As André Nicolas pointed out, this is the classical problem of counting derangements. Here is one possible solution.
Let $A_N$ be the number of ways to allocate the $N$ balls to the $N$ boxes such that none of the balls goes back to the box it came from. Let us write $i \to j$ if ball $i$ goes into box $j$. First, for some $j \in 2, \ldots, N$ we have $1 \to j$. This can be done in $N - 1$ ways. We now distinguish two cases.
If $j \to 1$, then we have $N - 2$ balls $2, \ldots, j-1, j+1, \ldots, N$ left, and exactly the $N - 2$ boxes $2, \ldots, j-1, j+1, \ldots, N$ they came from. So the remaining balls can be allocated in $A_{N - 2}$ ways.
If $j \not\to 1$, then we are left with $N - 1$ balls $2, \ldots, j-1, j, j+1, \ldots, N$, which cannot go in the boxes $2, \ldots, j-1, 1, j+1, \ldots, N$ respectively. So the remaining balls can be allocated in $A_{N-1}$ ways.

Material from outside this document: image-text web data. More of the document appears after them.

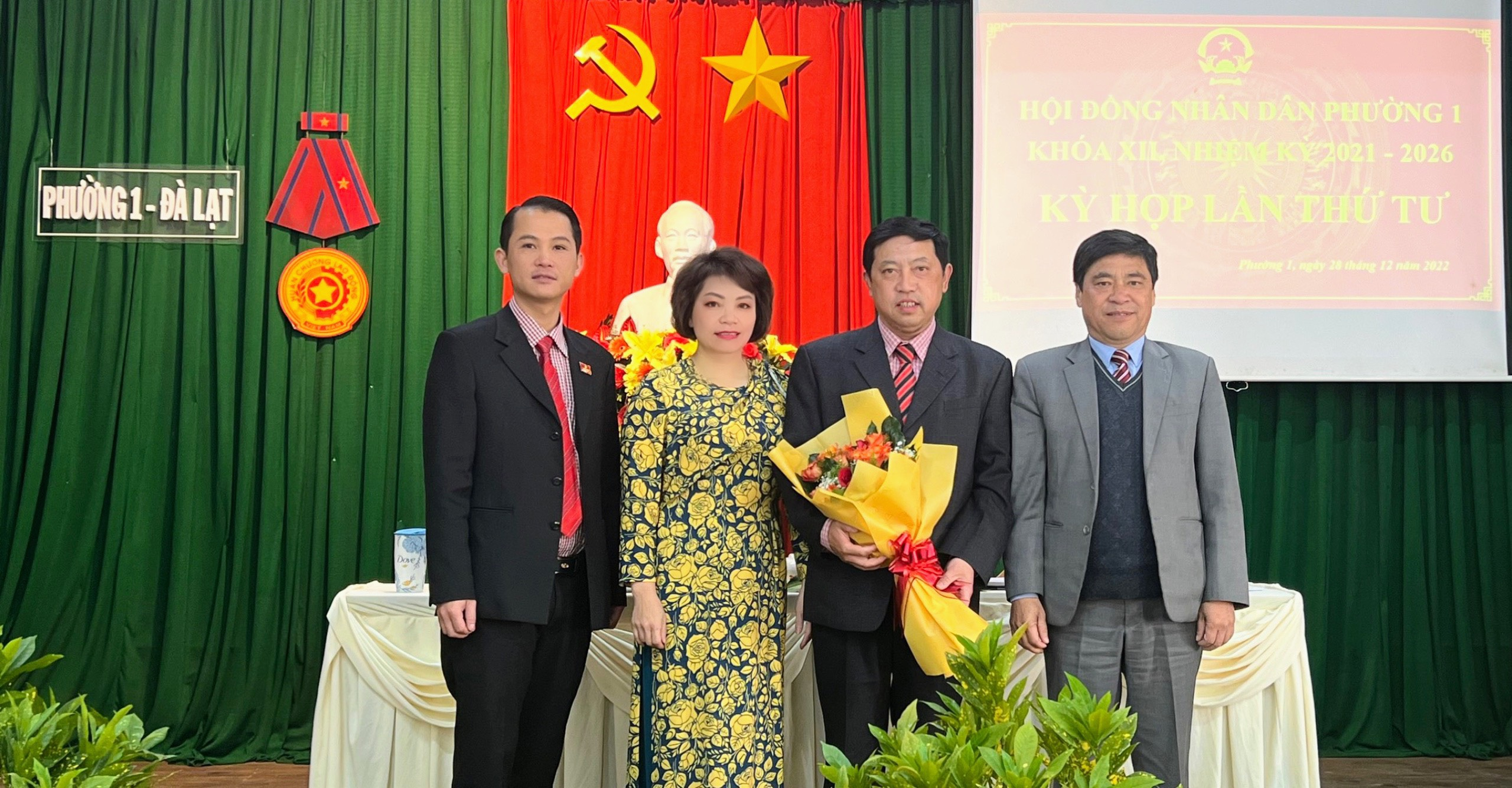 Lãnh đạo thành phố và Đảng ủy phường 1 tặng hoa chúc mừng đồng chí Nguyễn Long An (thứ 2 từ phải sang) được bầu giữ chức danh Chủ tịch UBND phường 1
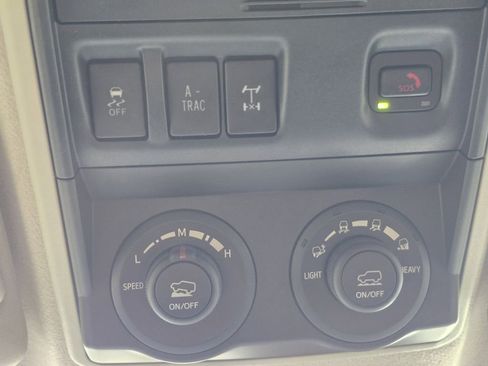 Used 2024 Toyota 4Runner TRD Off-Road image 11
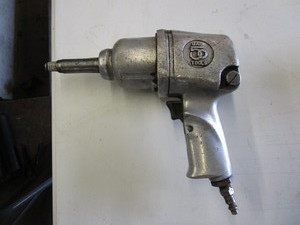 lot 64 image: (2) Mac Tools Impacts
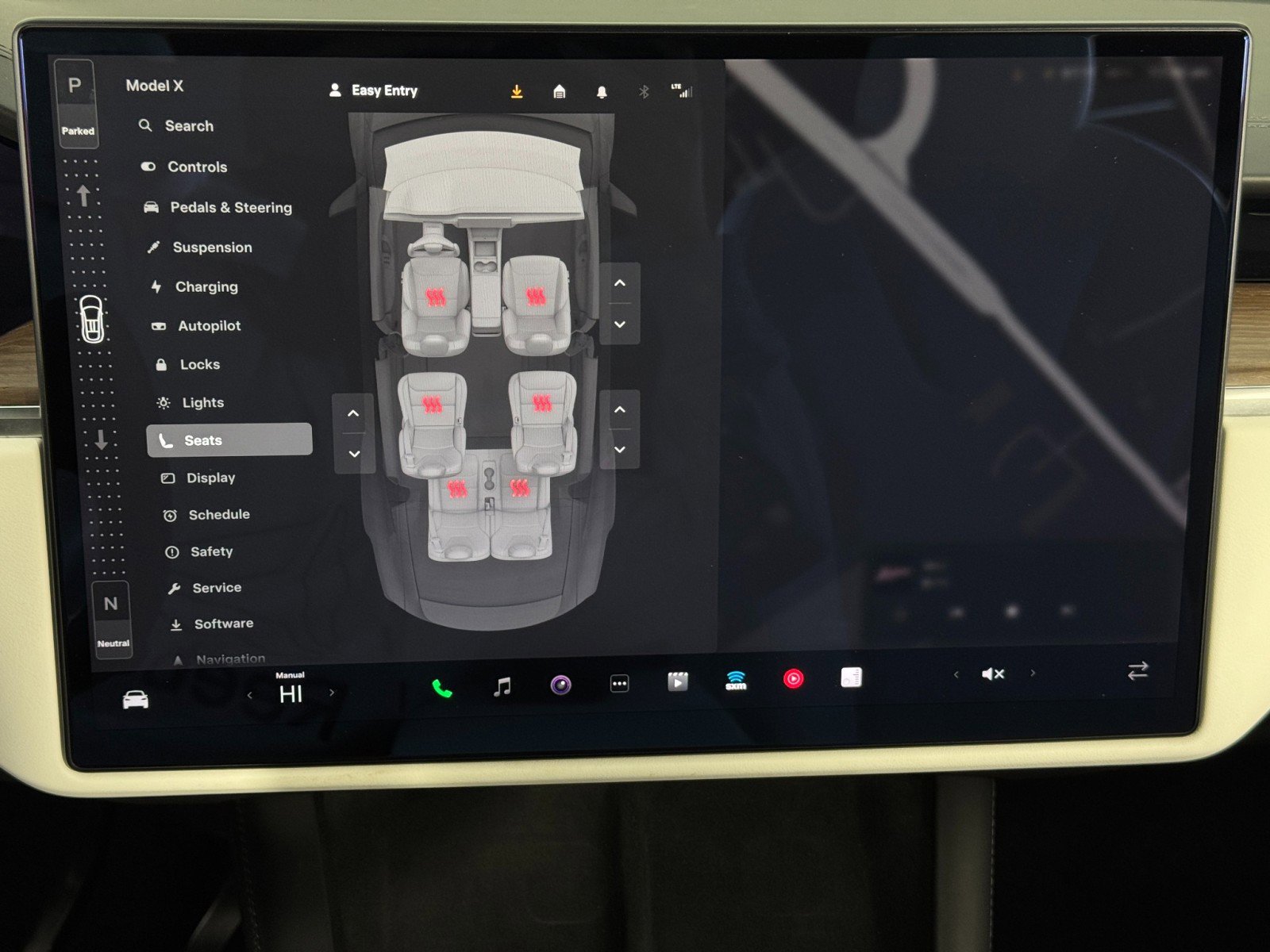 Used 2023 Tesla Model X image 28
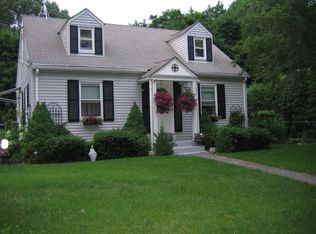 77 Hillcrest St, Chicopee, MA 01020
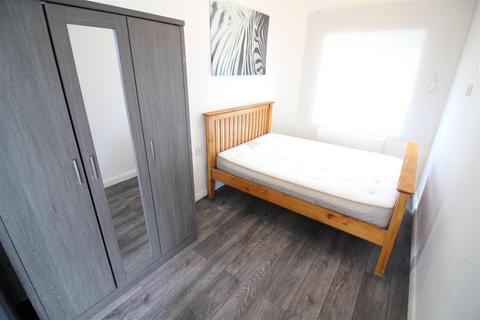 2 bedroom flat to rent, Westbrook Road, Hounslow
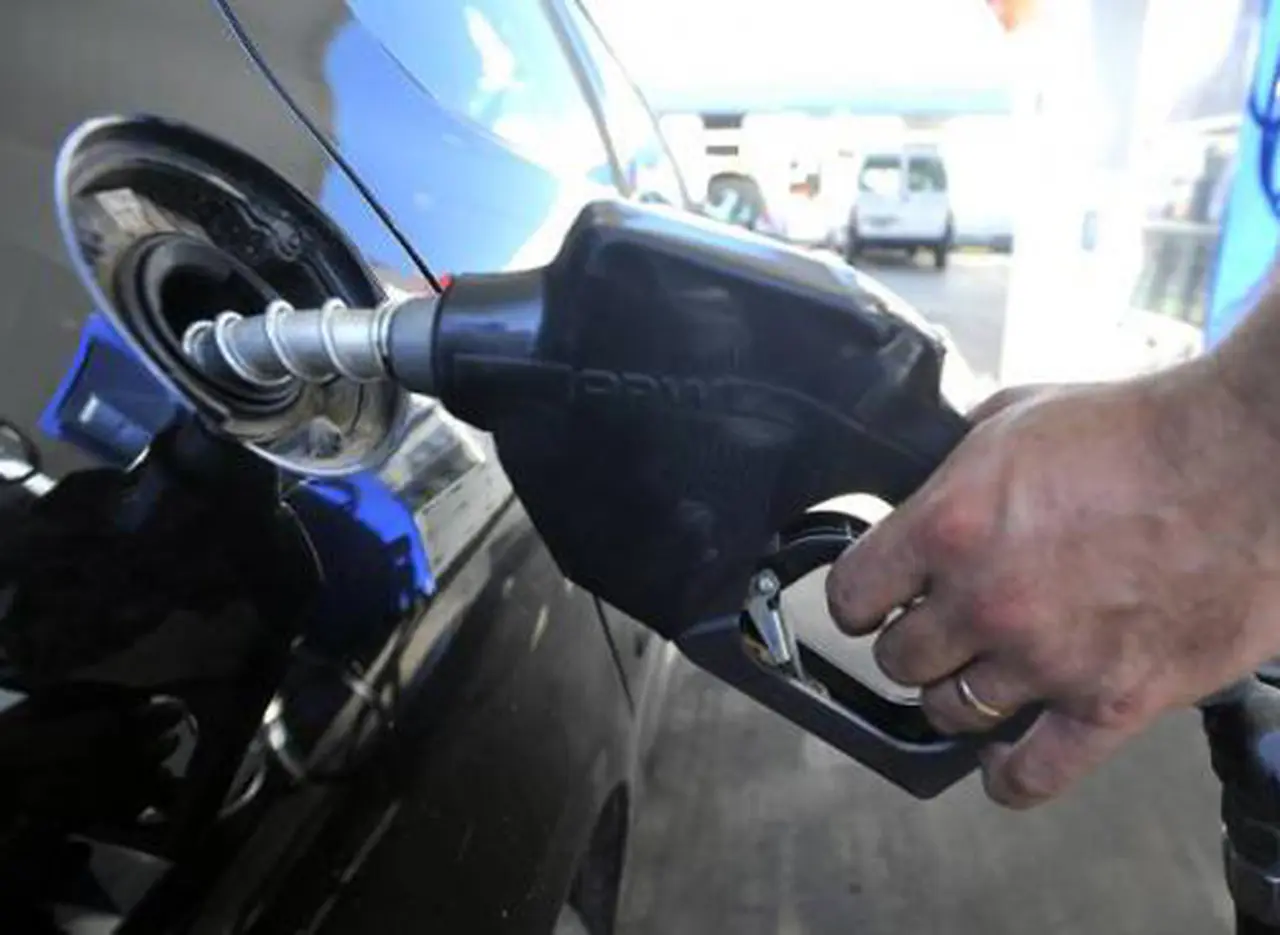 Las petroleras aumentaron las naftas y el precio superó la barrera de los $10
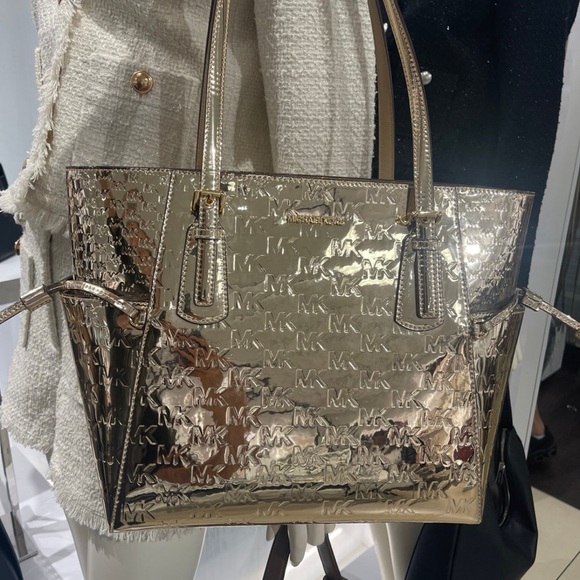 MICHAEL KORS Voyager Large Metallic Logo Debossed EW Shoulder Tote Bag
Pale Gold - Picture 6 of 8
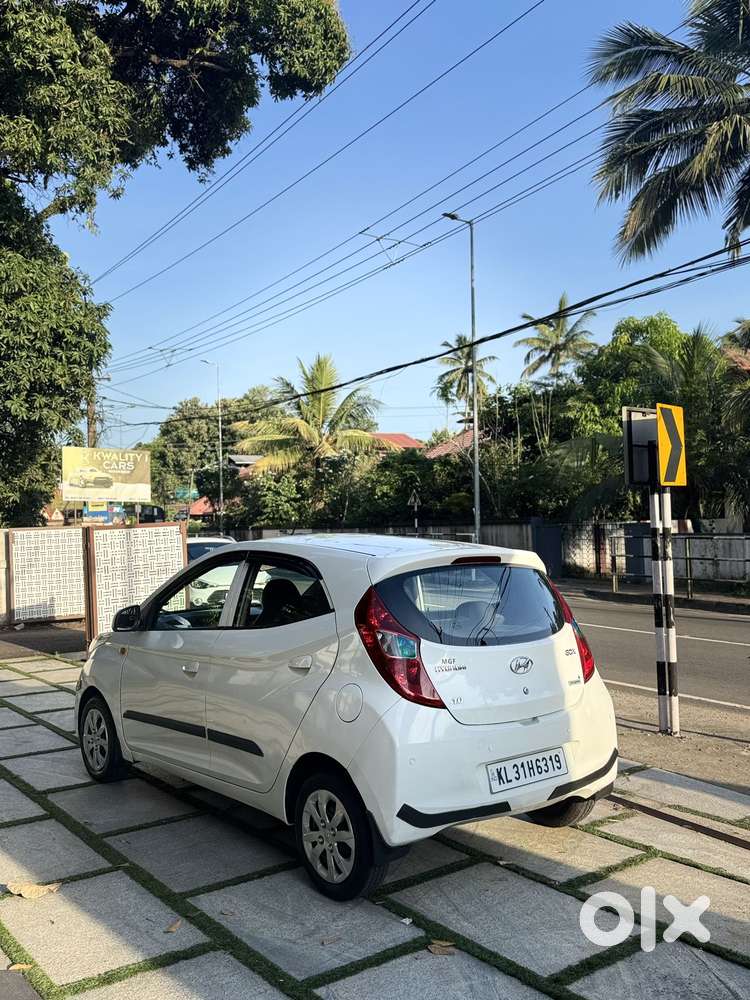 Hyundai Eon Magna Optional, 2015, Petrol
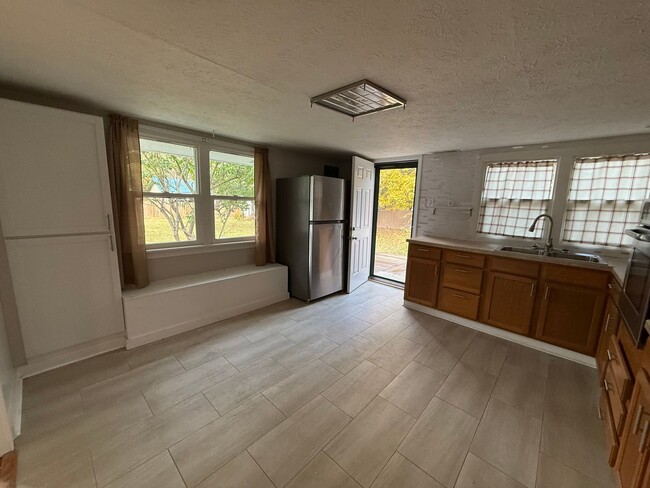 Building Photo - House in Grand Rivers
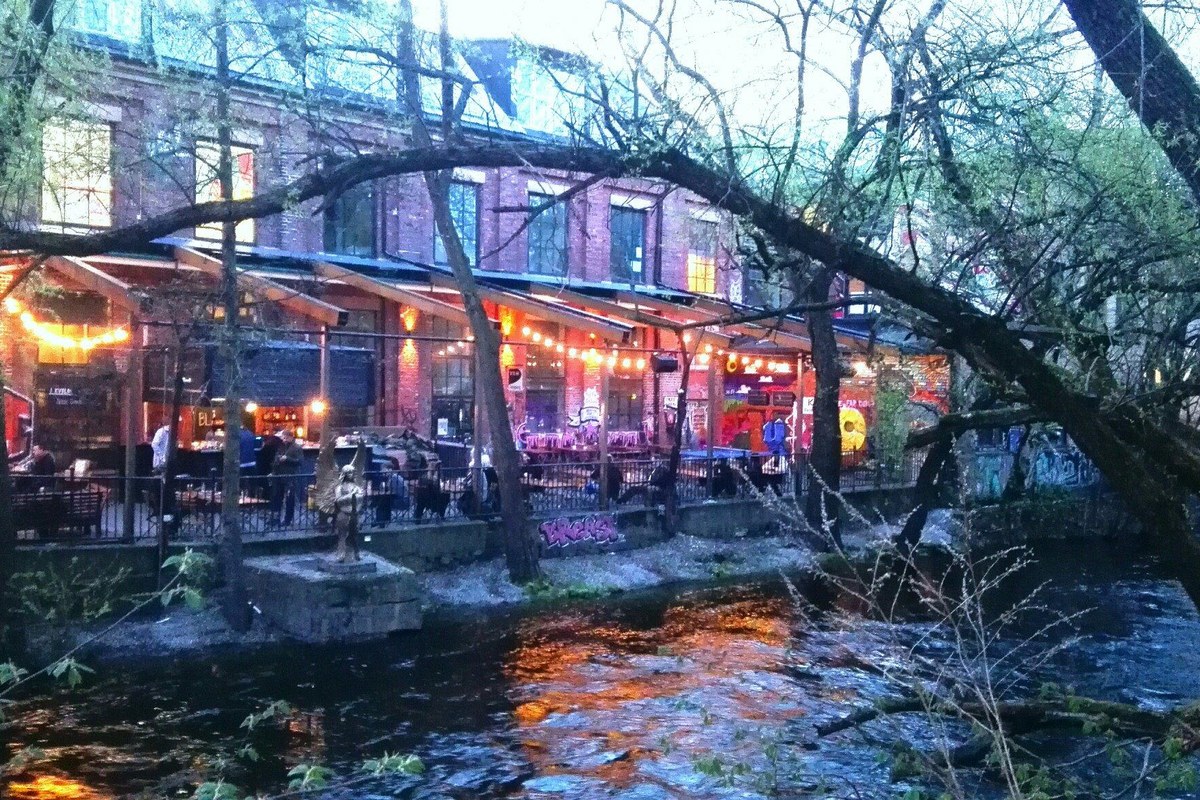 Bl&aring; musikksted p&aring; Gr&uuml;nerl&oslash;kka i Oslo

Since there are $N-1$ ways to choose $j$, we get the recurrence relation
$A_N = (N-1) A_{N-2} + (N-1) A_{N-1}$
This is exactly the same recurrence relation as the recurrence relation of the factorial function $N! = N \cdot (N-1) \cdot \ldots \cdot 2 \cdot 1$. However, for the factorial function we have $0! = 1$ and $1! = 1$, while we have $A_0 = 1$ and $A_1 = 0$. Therefore if we rewrite (*) it to a simpler recurrence relation, we get
$A_N = N \cdot A_{N-1} + (-1)^N$
(while the factorial function has simply $N! = N (N-1)!$). This can then be reduced (**) to other forms, like
$A_N = N! \cdot \sum_{i = 0}^N \frac{(-1)^i}{i!}$
Finally, you are interested in the probability that all balls are assigned to distinct boxes. This is exactly
$p_N = \frac{A_N}{(N-1)^N}$
You could use e.g. Stirling on the factorial in $A_N$ to get
$N! = N \cdot (N-1)! \approx N \frac{(N - 1)^{N - 1}}{e^{N - 1}} \sqrt{2 \pi (N - 1)}$
Then for the ratio you want, you get
$p_N = \frac{A_N}{(N-1)^N} \approx \frac{N}{(N - 1)^N} \cdot \frac{(N - 1)^{N - 1}}{e^{N - 1}} \sqrt{2 \pi (N - 1)} \cdot \sum_{i = 0}^N \frac{(-1)^i}{i!}$ $= \frac{\sqrt{2 \pi N}}{e^{N - 1}} \sqrt{\frac{N}{N - 1}} \sum_{i = 0}^N \frac{(-1)^i}{i!}$
For large $N$, the sum converges to $e^{-1}$, while $N/(N-1) \approx 1$, giving a probability of
$p_N \approx \frac{\sqrt{2 \pi N}}{e^N}$
(*) This can be done using induction on $N$. The induction step:
$A_N = (N-1) A_{N-1} + (N-1) A_{N-2} = N A_{N-1} - A_{N-1} + (N-1) A_{N-2}$ $ = N A_{N-1} - \left((N-1) A_{N-2} + (-1)^{N-1}\right) + (N-1) A_{N-2} = N A_{N-1} + (-1)^N$
(**) This can be done using induction on $N$. The induction step:
$A_N = N \cdot A_{N-1} + (-1)^N = N \cdot (N-1)! \cdot \left(\sum_{i = 0}^{N-1} \frac{(-1)^i}{i!}\right) + N! \frac{(-1)^N}{N!}$ $ = N! \cdot \left(\sum_{i = 0}^{N - 1} \frac{(-1)^i}{i!} + \frac{(-1)^N}{N!}\right) = N! \cdot \sum_{i = 0}^{N} \frac{(-1)^i}{i!}$